» **Work request**: In the material below, find each line holding the string "Beauty" and copy it.

» **Raw data**:
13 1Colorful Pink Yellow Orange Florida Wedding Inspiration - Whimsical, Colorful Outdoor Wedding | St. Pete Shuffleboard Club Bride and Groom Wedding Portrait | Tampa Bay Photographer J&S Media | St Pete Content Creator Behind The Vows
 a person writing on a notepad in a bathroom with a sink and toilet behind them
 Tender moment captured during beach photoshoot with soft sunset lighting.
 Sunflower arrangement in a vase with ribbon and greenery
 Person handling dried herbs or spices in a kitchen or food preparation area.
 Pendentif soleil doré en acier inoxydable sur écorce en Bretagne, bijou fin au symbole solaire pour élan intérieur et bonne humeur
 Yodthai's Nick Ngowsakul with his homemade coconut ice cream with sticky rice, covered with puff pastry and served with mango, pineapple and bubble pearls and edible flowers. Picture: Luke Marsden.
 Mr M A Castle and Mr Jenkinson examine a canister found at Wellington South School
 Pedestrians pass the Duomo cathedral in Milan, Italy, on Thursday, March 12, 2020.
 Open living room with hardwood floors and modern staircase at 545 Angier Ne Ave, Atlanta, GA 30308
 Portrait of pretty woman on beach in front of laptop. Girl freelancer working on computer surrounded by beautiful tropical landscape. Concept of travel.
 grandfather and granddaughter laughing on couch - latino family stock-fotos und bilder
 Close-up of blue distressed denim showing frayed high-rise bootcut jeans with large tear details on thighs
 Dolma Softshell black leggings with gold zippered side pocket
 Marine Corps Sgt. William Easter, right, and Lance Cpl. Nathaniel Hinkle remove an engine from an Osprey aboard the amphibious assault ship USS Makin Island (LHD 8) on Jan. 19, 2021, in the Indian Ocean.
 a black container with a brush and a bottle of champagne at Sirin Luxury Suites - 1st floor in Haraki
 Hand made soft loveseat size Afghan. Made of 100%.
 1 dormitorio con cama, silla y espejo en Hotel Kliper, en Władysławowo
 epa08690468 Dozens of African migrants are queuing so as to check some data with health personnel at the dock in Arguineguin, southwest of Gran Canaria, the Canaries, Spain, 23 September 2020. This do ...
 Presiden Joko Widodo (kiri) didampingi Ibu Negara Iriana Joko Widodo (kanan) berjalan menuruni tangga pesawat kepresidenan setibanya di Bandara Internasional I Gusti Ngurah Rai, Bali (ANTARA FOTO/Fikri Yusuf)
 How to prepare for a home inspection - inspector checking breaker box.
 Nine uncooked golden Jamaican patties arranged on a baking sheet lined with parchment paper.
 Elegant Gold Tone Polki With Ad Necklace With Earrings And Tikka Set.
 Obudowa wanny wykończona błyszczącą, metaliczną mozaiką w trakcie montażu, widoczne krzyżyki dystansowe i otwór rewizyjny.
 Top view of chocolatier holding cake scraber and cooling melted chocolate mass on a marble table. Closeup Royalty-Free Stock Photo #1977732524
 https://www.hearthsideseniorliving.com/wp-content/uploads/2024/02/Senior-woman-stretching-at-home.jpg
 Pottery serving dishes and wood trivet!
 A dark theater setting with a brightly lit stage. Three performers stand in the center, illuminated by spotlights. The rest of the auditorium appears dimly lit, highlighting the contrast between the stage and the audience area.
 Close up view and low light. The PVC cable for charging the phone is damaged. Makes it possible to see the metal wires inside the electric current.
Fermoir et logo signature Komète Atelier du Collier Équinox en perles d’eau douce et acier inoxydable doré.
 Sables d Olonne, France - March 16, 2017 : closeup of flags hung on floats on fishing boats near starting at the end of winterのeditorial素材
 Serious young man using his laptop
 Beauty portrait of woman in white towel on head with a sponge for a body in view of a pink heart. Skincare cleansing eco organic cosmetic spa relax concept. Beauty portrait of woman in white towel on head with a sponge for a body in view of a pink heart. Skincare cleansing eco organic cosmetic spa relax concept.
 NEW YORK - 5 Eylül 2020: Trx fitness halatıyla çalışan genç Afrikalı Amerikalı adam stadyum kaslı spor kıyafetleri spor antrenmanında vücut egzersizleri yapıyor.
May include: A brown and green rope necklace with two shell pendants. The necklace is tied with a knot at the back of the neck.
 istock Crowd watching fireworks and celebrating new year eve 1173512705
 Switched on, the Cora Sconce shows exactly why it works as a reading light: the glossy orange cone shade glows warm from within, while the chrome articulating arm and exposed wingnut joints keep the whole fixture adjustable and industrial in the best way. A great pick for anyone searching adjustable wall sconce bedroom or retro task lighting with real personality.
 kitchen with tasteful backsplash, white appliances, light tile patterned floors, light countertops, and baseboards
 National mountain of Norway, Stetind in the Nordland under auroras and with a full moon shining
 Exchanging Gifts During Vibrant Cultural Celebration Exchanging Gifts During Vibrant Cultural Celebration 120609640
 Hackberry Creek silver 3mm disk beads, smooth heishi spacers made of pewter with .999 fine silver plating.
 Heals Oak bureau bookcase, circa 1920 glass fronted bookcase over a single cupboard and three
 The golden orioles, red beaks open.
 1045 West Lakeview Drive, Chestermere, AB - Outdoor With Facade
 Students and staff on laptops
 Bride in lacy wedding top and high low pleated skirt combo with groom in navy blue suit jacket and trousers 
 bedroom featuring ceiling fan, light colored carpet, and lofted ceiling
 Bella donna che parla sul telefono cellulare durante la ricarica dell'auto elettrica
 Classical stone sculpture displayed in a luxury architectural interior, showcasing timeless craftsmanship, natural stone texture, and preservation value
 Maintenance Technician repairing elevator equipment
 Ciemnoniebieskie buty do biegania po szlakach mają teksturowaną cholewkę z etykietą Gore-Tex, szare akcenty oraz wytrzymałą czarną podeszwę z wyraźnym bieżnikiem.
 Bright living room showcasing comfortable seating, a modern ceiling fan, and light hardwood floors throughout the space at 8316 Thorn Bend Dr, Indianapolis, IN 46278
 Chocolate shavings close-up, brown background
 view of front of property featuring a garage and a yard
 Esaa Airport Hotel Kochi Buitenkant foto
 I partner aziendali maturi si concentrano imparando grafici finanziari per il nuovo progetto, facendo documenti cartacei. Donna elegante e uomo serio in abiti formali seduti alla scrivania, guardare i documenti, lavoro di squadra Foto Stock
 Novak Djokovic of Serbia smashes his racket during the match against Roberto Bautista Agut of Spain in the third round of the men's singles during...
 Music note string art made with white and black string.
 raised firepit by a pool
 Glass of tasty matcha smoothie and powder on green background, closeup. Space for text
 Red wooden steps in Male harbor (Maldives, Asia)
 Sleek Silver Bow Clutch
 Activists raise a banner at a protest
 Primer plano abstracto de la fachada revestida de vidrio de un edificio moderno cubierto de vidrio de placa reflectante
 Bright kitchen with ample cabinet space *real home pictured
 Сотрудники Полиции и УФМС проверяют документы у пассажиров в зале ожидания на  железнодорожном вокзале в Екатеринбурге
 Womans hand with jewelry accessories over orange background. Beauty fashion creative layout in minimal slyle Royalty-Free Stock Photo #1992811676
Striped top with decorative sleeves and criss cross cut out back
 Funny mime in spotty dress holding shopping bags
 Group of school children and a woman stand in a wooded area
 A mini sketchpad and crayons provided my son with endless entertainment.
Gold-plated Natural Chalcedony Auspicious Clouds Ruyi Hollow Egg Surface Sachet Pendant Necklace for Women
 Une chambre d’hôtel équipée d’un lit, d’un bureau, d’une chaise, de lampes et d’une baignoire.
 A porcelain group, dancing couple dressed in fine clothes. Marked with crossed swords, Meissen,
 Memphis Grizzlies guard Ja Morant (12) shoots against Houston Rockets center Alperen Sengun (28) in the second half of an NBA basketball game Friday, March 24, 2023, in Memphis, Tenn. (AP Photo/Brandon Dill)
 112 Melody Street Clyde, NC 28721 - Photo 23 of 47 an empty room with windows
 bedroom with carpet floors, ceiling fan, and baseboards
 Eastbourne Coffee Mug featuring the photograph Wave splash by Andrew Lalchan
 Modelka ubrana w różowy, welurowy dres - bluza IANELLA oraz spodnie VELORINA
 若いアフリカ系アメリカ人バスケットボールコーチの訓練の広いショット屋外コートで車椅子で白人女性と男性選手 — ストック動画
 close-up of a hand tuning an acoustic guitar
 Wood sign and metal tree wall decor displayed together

» **Answer to this problem**:
 Beauty portrait of woman in white towel on head with a sponge for a body in view of a pink heart. Skincare cleansing eco organic cosmetic spa relax concept. Beauty portrait of woman in white towel on head with a sponge for a body in view of a pink heart. Skincare cleansing eco organic cosmetic spa relax concept.
 Womans hand with jewelry accessories over orange background. Beauty fashion creative layout in minimal slyle Royalty-Free Stock Photo #1992811676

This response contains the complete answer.